Thad Bingham, a 44-year-old Fruita man who killed the animal, has accepted a plea agreement and admitted to illegal possession of wildlife, a misdemeanor, and to trespassing, a petty offense. On top of about $200 in court costs, he agreed to pay $5,000 as a donation to the Rocky Mountain Elk Foundation.
Three other Western Slope men participated in the illegal hunt on private property in October 2014: Brian Scheer, 45, Barrett Rowles, 48, and Joshua Fitzsimmons, 45.
Bingham and Sheer worked for the U.S. Fish and Wildlife Service at the Horsethief Canyon Native Fish Facility Ponds, according to Colorado Parks and Wildlife.
Fish and Wildlife Service spokeswoman Anna Munoz said both men still work for the agency, but she couldn’t comment on whether the service punished them.
“Poachers come from all walks of life but everyone is subject to the same rules and regulations,” said CPW Area Wildlife Manager JT Romatzke of Grand Junction. “Colorado Parks and Wildlife will prosecute anyone to the full extent in cases like this one. Rather than setting a good example as employees of a federal wildlife management agency, these two individuals and their accomplices instead chose to violate the law in an egregious manner, and that is a real shame.”

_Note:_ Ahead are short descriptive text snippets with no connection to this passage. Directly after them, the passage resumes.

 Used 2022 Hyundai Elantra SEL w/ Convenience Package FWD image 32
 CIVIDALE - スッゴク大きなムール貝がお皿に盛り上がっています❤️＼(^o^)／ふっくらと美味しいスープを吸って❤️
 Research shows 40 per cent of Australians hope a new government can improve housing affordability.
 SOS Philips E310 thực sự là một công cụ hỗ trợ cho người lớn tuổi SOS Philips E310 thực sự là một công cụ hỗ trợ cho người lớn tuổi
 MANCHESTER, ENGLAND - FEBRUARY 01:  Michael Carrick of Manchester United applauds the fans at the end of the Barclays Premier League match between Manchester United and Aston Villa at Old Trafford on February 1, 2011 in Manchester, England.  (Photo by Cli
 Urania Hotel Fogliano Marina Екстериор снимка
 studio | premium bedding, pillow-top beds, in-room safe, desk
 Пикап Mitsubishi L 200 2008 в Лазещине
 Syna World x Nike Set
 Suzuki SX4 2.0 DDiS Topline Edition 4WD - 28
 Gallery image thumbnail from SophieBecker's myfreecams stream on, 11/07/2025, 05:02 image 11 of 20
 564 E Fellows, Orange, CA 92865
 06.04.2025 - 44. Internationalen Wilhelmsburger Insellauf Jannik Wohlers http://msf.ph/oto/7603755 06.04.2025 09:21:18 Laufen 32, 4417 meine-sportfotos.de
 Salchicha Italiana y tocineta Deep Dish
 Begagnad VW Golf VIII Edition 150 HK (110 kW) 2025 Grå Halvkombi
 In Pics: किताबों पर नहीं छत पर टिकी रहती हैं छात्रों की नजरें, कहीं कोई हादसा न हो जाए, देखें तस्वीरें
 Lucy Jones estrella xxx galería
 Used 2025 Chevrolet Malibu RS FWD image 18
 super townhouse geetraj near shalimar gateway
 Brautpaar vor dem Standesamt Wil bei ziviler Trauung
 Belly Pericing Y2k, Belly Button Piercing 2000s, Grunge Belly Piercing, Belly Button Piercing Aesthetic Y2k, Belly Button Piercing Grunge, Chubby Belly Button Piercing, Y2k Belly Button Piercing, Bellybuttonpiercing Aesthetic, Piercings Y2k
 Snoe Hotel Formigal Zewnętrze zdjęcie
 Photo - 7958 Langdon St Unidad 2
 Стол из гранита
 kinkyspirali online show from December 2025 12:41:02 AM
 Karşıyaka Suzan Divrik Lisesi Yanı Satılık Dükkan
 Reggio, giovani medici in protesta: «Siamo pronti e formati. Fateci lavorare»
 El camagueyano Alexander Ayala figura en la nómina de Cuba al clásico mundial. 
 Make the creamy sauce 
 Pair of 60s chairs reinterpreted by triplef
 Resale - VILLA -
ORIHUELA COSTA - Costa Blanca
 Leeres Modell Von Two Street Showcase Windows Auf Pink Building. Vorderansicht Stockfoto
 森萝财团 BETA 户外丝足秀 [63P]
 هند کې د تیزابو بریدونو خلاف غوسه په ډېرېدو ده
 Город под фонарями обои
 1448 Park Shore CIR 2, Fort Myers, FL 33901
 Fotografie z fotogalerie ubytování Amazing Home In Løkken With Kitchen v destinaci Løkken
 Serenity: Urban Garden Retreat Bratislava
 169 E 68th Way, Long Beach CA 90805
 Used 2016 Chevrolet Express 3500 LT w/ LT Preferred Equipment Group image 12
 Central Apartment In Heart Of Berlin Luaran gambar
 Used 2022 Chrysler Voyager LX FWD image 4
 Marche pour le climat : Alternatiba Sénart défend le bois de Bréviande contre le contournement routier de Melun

CPW was alerted to the poachers when Bingham posted a photo online of himself with the animal. Using landmarks in the background, CPW officers determined the location was well within private property.
The officers searched the location of the kill for evidence. They obtained warrants and searched Bingham’s home and the fish hatchery, and retrieved the animal’s antlers at his home.
“This was good work by all officers involved,” said Romatzke. “We say this over and over, and we cannot stress this enough, if you commit a wildlife crime, no matter who you are, we are going to do what we can to find you. Colorado Game wardens know every rock, tree and canyon in the state and are constantly on the lookout for people that ignore our wildlife laws.”
All four men were initially charged with illegal transportation of wildlife, failure to contact the landowner prior to entering private property to pursue wounded game, illegal possession of a trophy class 6-by-6 bull elk, all misdemeanors, according to Colorado Parks and Wildlife. They also faced a petty offense of trespassing.
The Ninth Judicial District Attorney’s Office pleaded all of the other three men down to petty offense trespassing.
A CPW hearing officer will also determine whether to level a five-year suspension of these four men’s hunting and fishing privileges in Colorado. That penalty could also extend to 43 other states with which Colorado has a wildlife violator compact.